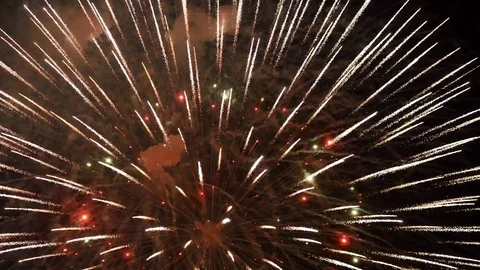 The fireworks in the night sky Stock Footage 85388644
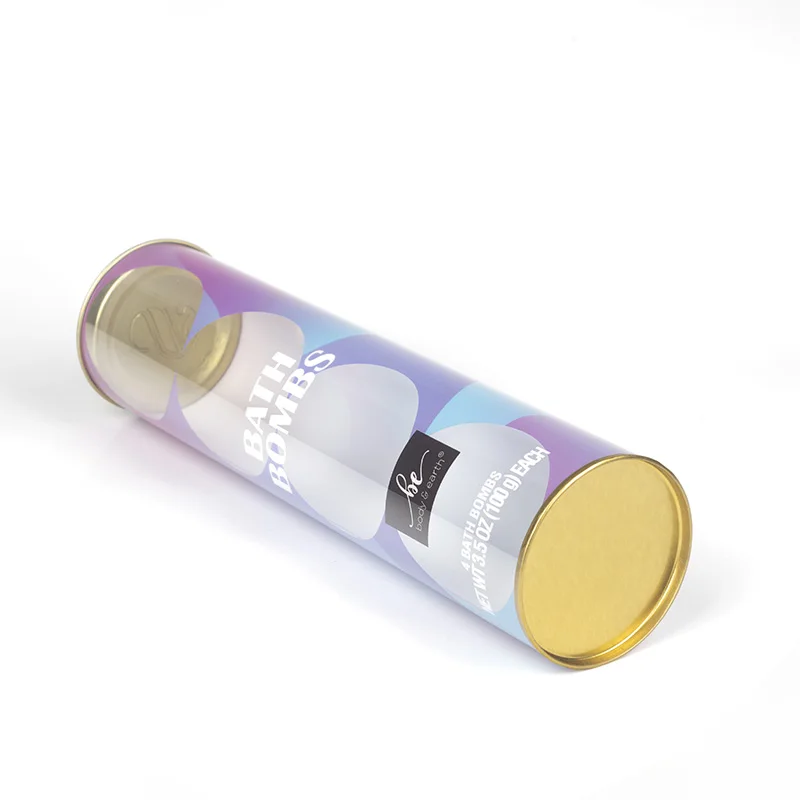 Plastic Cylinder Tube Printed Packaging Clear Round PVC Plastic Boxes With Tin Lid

...

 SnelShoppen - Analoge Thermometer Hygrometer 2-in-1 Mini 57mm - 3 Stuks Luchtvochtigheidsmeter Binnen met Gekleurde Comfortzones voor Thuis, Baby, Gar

→ **Task to carry out**:
Only the lines above from the one containing "The fireworks in" through the one containing "Plastic Cylinder Tube" should be returned, verbatim and inclusive, with pictures excluded.

→ **Solution for this exercise**:
 The fireworks in the night sky Stock Footage 85388644
 Plastic Cylinder Tube Printed Packaging Clear Round PVC Plastic Boxes With Tin Lid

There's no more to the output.